- [Data section]
***

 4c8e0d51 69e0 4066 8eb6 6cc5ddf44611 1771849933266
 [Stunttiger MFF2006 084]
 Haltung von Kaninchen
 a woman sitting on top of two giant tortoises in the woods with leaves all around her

***

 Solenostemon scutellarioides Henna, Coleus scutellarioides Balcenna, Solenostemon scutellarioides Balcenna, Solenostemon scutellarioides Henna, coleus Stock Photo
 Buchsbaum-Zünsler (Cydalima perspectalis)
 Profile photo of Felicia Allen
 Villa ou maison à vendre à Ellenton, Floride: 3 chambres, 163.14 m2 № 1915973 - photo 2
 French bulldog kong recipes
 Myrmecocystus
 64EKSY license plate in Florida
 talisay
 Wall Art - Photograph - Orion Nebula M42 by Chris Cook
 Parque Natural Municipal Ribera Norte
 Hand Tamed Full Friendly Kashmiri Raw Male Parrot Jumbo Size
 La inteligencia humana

***

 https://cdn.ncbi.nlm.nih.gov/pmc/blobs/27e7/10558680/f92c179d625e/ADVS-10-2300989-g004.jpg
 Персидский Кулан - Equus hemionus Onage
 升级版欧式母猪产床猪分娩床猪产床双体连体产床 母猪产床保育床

***

Everything from the line with "Solenostemon scutellarioides Henna, Coleus scutellarioides" through the line with "Profile photo of Felicia Allen" should be written out exactly as it appears above, end lines included, and nothing outside that range.

- [Output]
 Solenostemon scutellarioides Henna, Coleus scutellarioides Balcenna, Solenostemon scutellarioides Balcenna, Solenostemon scutellarioides Henna, coleus Stock Photo
 Buchsbaum-Zünsler (Cydalima perspectalis)
 Profile photo of Felicia Allen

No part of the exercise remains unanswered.